EXERCISE OBJECTIVE
Copy out the full listing exactly, omitting any picture it contains.

EXERCISE DATA

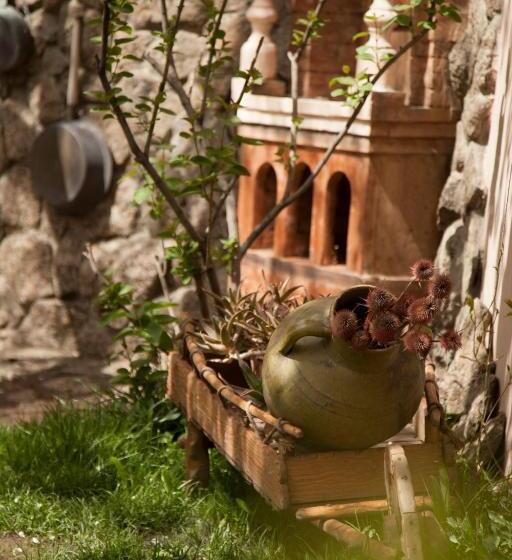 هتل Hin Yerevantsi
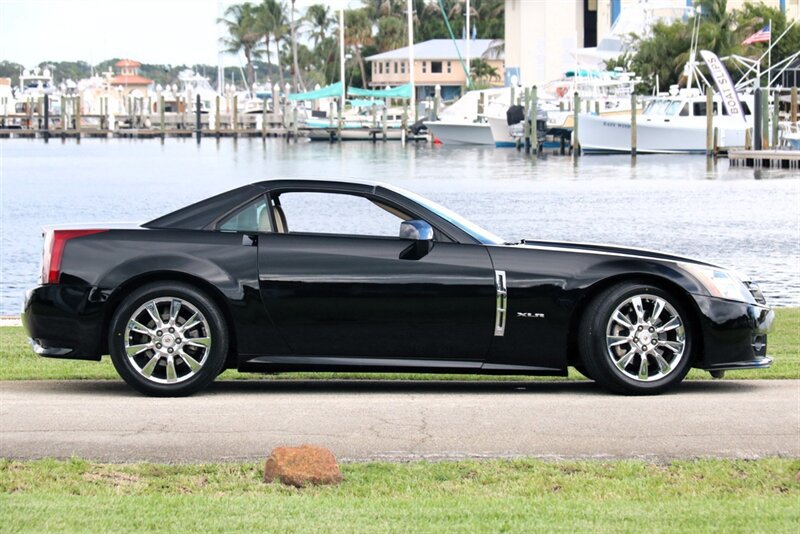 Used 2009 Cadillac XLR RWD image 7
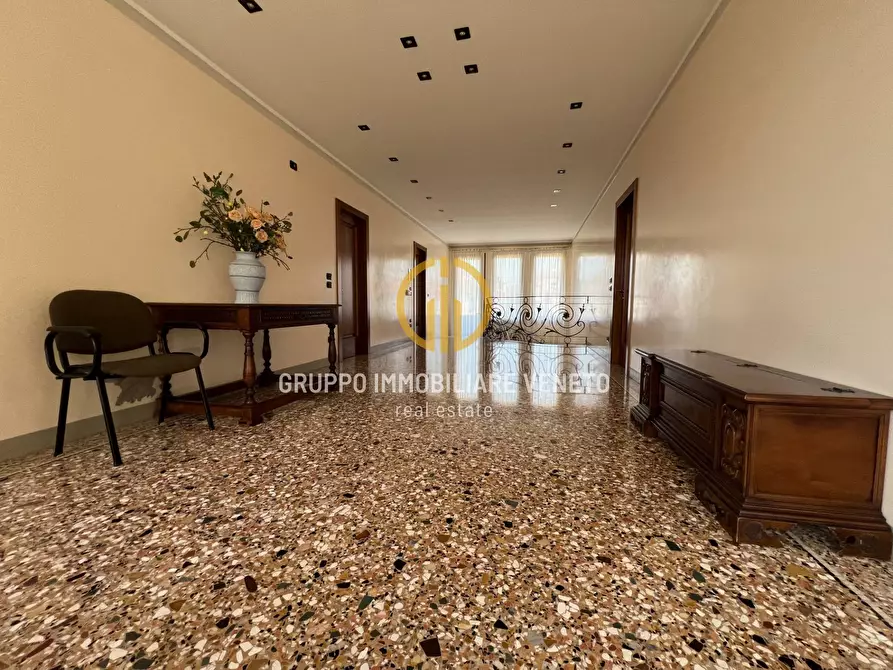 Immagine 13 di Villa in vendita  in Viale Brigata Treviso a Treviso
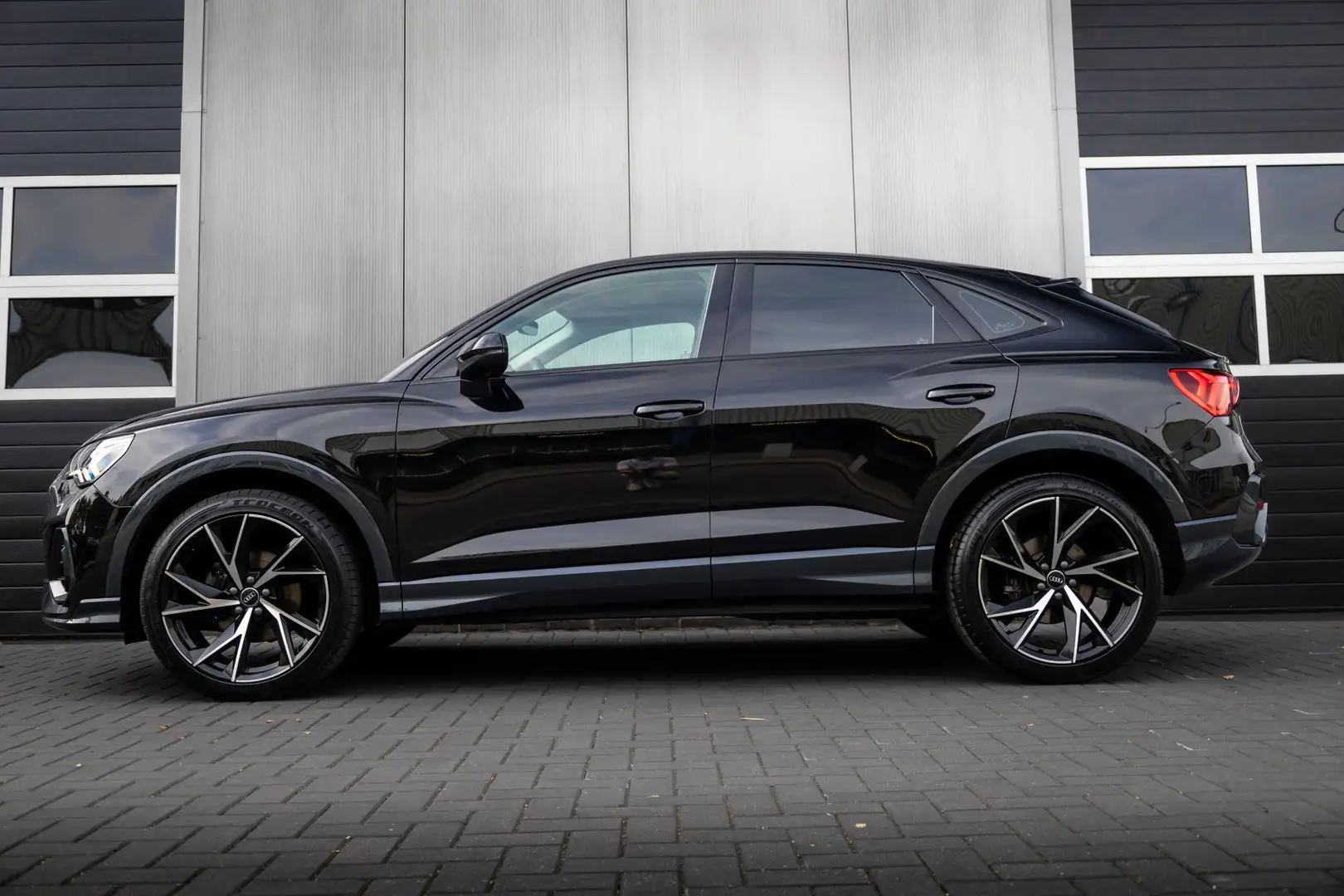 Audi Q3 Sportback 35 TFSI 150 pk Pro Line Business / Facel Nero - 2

ANSWER FOR THE TASK
 هتل Hin Yerevantsi
 Used 2009 Cadillac XLR RWD image 7
 Immagine 13 di Villa in vendita  in Viale Brigata Treviso a Treviso
 Audi Q3 Sportback 35 TFSI 150 pk Pro Line Business / Facel Nero - 2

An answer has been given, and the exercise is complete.